- Supplied material
┏━━
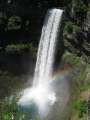 0794a_Brandywine_Fall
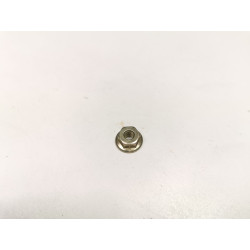 Nakrętka M5 lampa tylna FORD Fiesta 1989-1996 (CX) OE 6662788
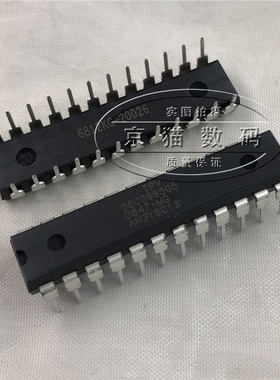 TPV56C366505 56C366505 直插 全新原装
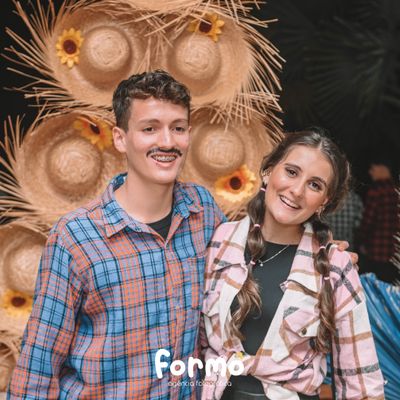 Este é um título. - 1 - 3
┗━━
- Your objective
In the copy, only the lines from the one holding "Nakrętka M5 lampa" through the end of the listing above should appear, retyped exactly, both ends included, with no pictures.

- Answer to this task
 Nakrętka M5 lampa tylna FORD Fiesta 1989-1996 (CX) OE 6662788
 TPV56C366505 56C366505 直插 全新原装
 Este é um título. - 1 - 3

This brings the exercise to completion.